When someone dies young, we say that this person’s death is tragic, that he or she died before his or her time. When someone dies in advanced age, we say that the deceased has lived a full life and it must have been their time to go as if age alone was the culprit. Both stances are very problematic form a scientific standpoint because, you see, nowhere does our biological makeup have a kill switch. There is not one gene or one process that acts like a ticking clock and once it runs out, we die. In fact there are creatures that seem to be near-immortal in this regard, weird jellyfish and microbes that can regenerate themselves when their bodies become worn and frail as if to start their lives anew. To blindly submit to mortality as if it’s somehow ordained by some force from above is to neglect the complete lack of any scientific basis for “our time to go” and ascribe to the frequently repeated misnomer that people die from old age when it’s not the old age that kills the person, but simply makes him or her very easy prey for numerous diseases.

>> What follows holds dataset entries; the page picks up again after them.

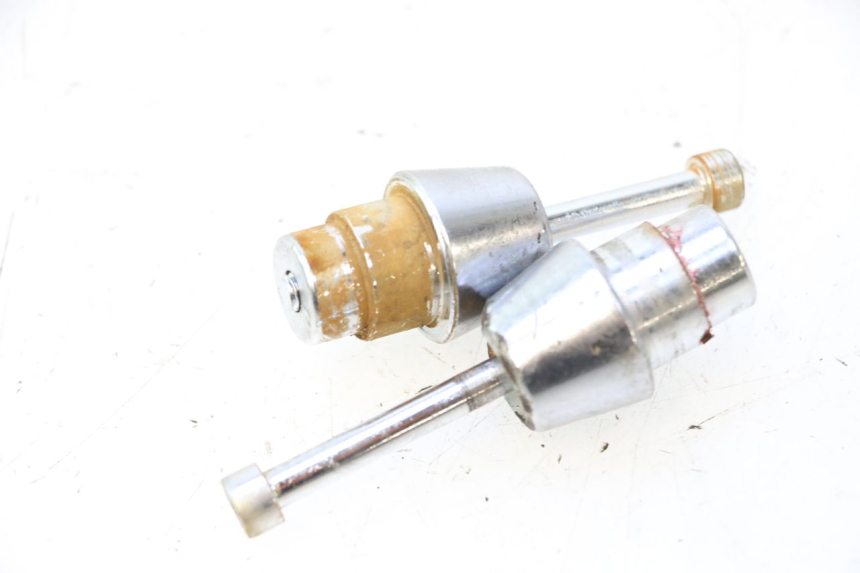 photo de TAMPA DO GUIDÃO PEUGEOT TKR TREKKER FURIOUS 50 (2005 - 2014) - Zoom do estado de desgaste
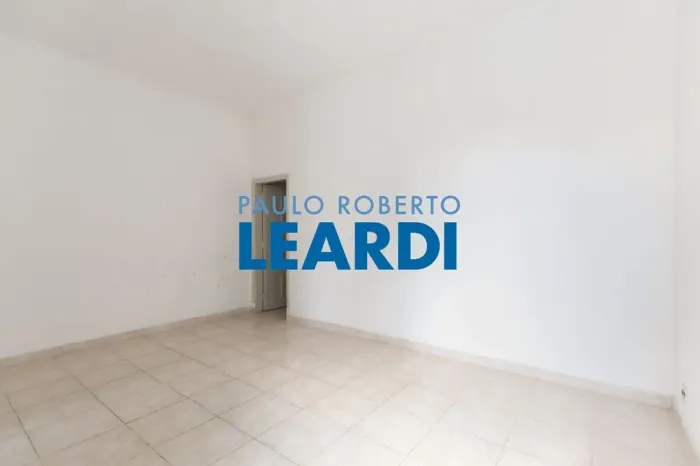 CASA ASSOBRADADA - CAMBUCI - SP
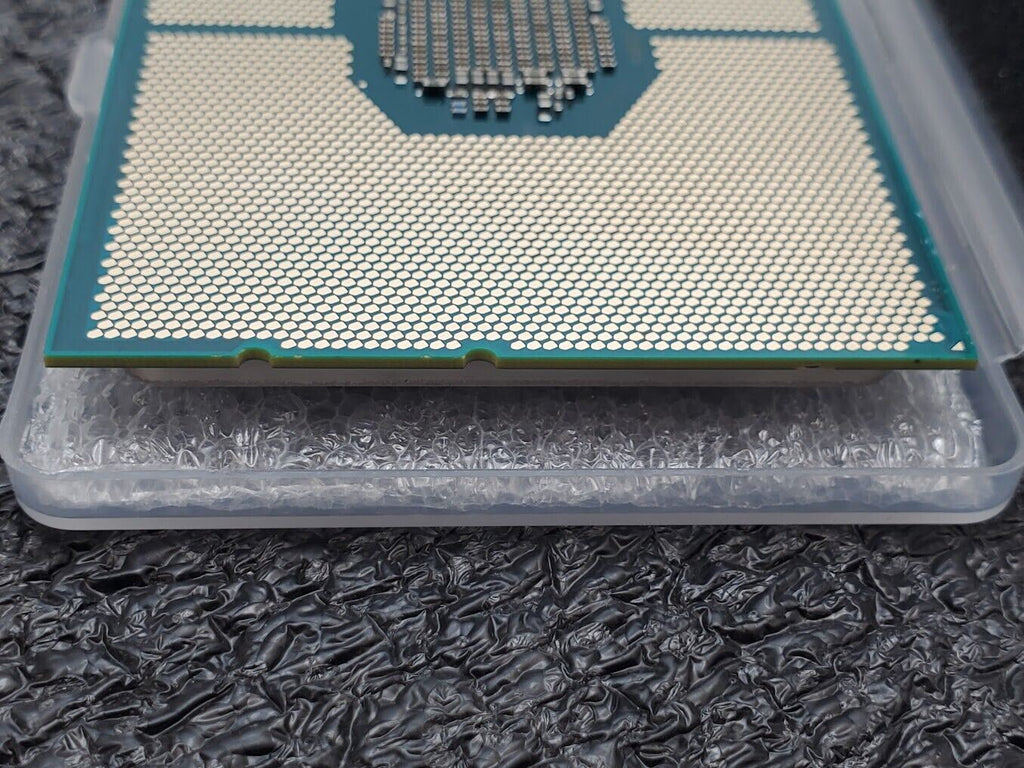 Intel Xeon Gold 6138T SR3J7 2.0 GHz 27.5 MB 20 Core LGA 3647 125W Tested B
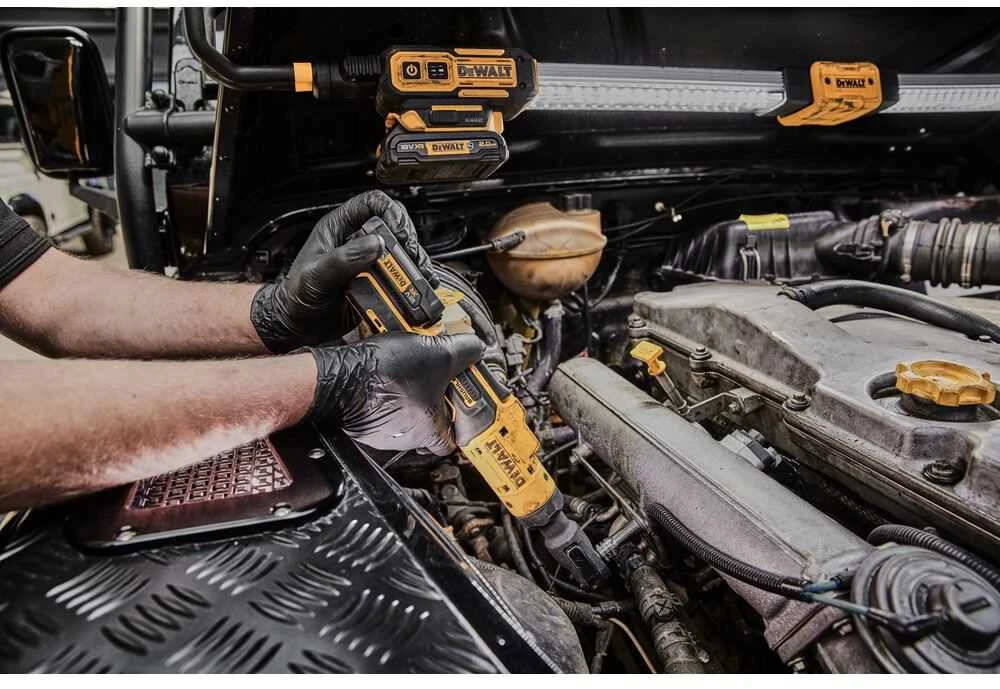 Dewalt Sin.bezszcz 1/4"54nm, aku3.0ah gfn, xr12v
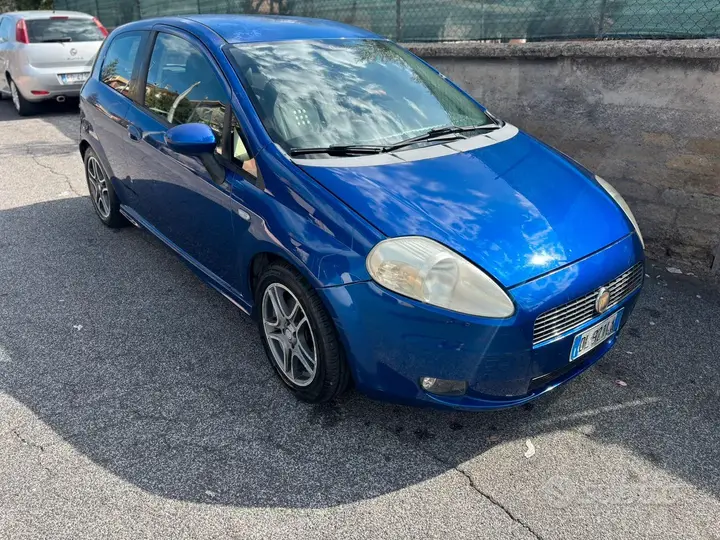 Fiat Grande Punto 2008 photo 2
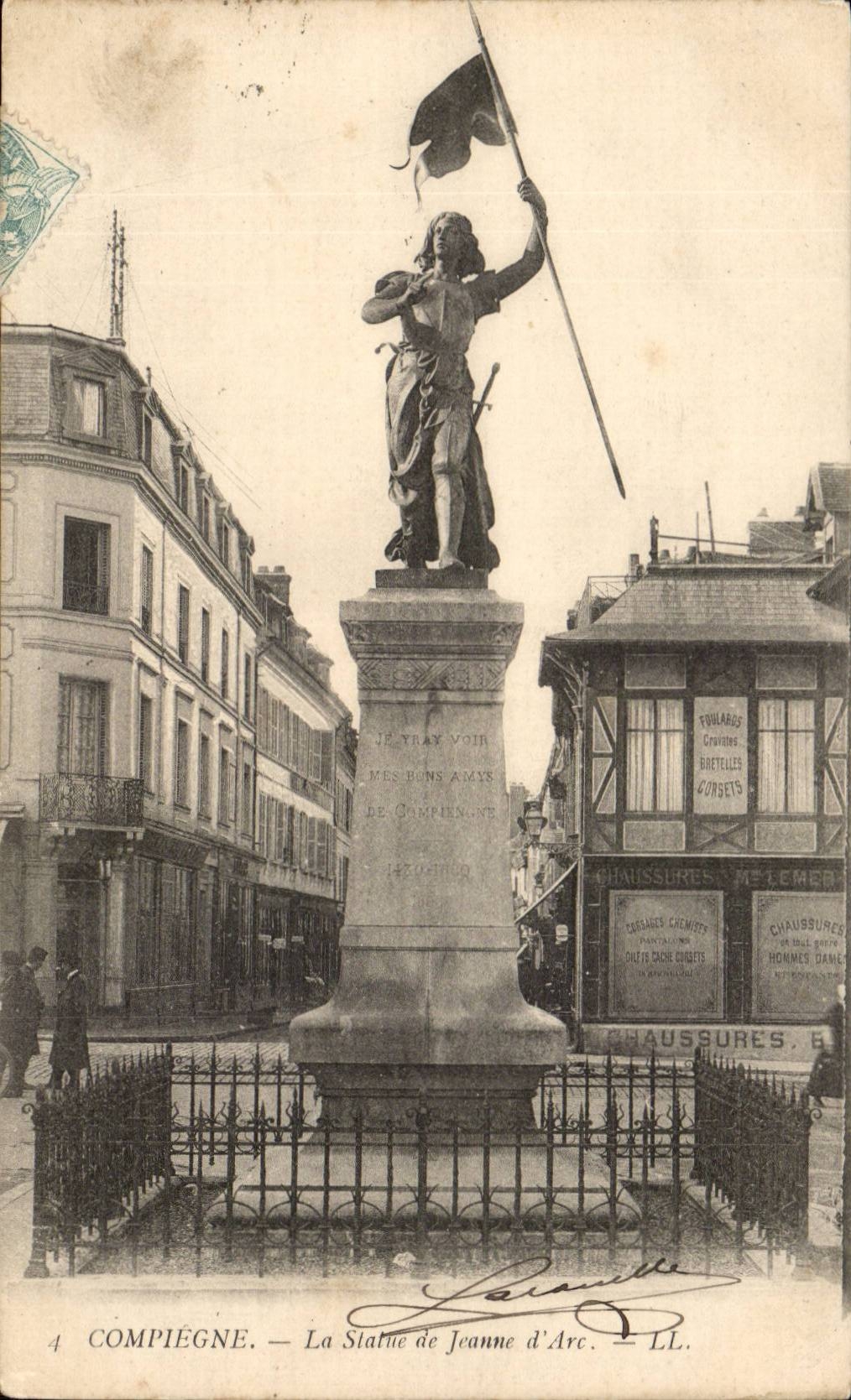 Compiègne — La Statue de Jeanne d'Arc — éditée par Laromelle, n°4
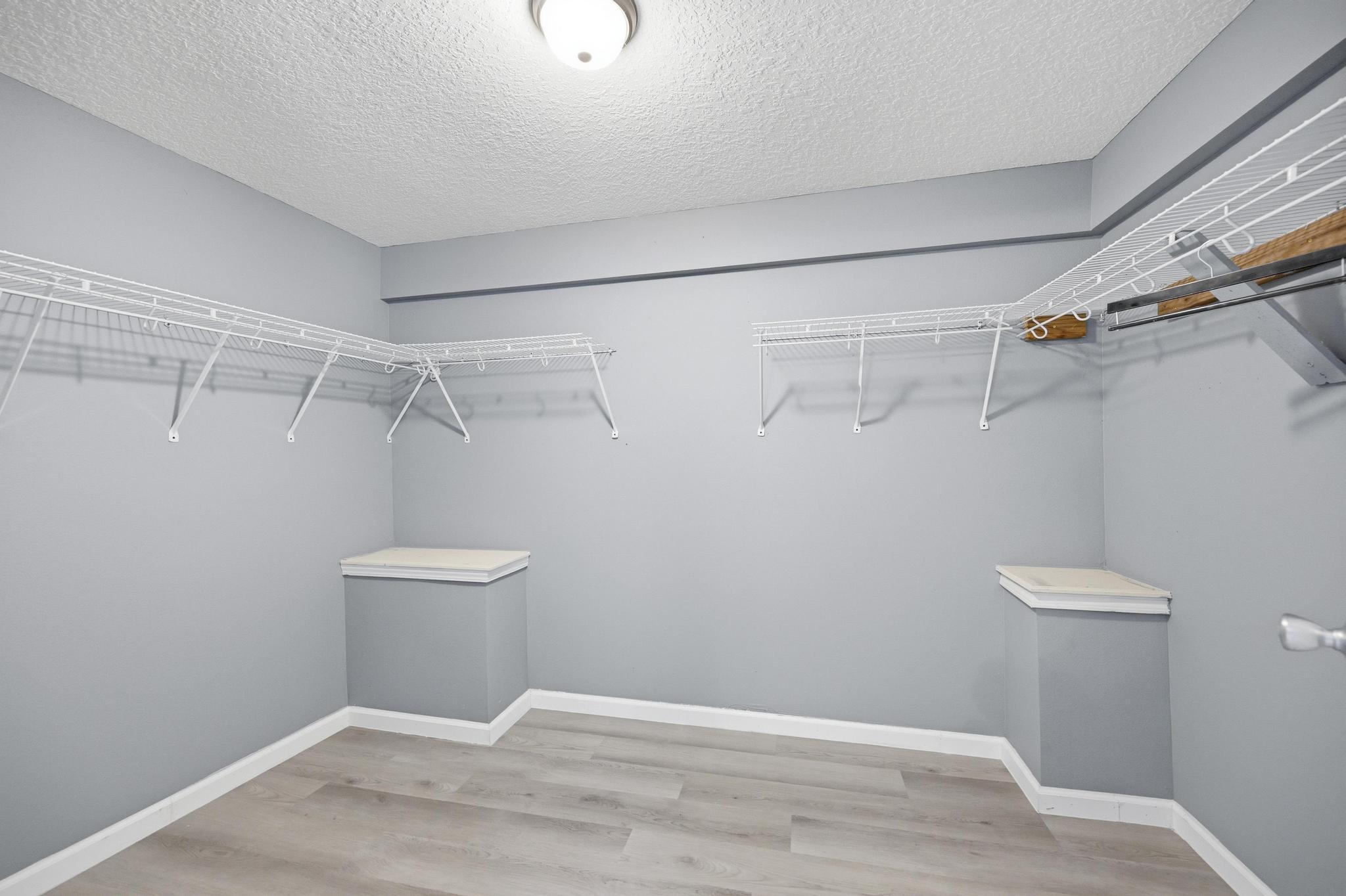 2131 South Harlem Avenue Property Photo 17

Considering aging a disease or a medical condition is actually a lot more important than it might sound because at stake is government approval for anti-aging drug trials, with researchers able to communicate that their work is valid despite the fact that it fights something doctors don’t see as a disease. In reality, aging is a complex degenerative condition that needs to be treated like one and while there is no one switch we can flip to stop it, there are things we can do to slow it, partially reverse some of its effects, and allow for a longer period of life in good health and with fewer aches and pains. If the worst thing that comes out of these drug trials are treatments that don’t actually extend our lifespans but drastically improve our physical and mental fitness, that’s already a huge net gain because not only are people better off, but we’d also save trillions with less acute treatment for typical physical and cognitive problems of old age being necessary. It’s also a very realistic goal over the next 15 years provided that the funding is there, of course.
We should think of aging much the same way we think of HIV and AIDS. Left untreated, it won’t kill us by itself, but it will open enough doors for something to come along to do that dirty work, and so we should fight it with an arsenal of lifestyle changes. It’s going to be many years before we see rousing successes, but we already have promising pathways desperately in need of the funding and scientific rigor and legitimacy to be taken to their full potential. Convincing those in charge of the purse strings and regulatory approvals that they’re fighting a real problem, rather than just messing around with something nature has preordained, will be crucial because when they don’t think a valid problem is being fought or a valid question is being asked, they’re rather unlikely to keep writing the checks and giving green lights. There’s a cultural battle to be fought here because history is replete with those who claimed to know how to beat aging or death with potions and rituals which yielded nothing or even killed their patients. But armed with the basic understanding of how biology actually works, today’s scientists have a real shot at it.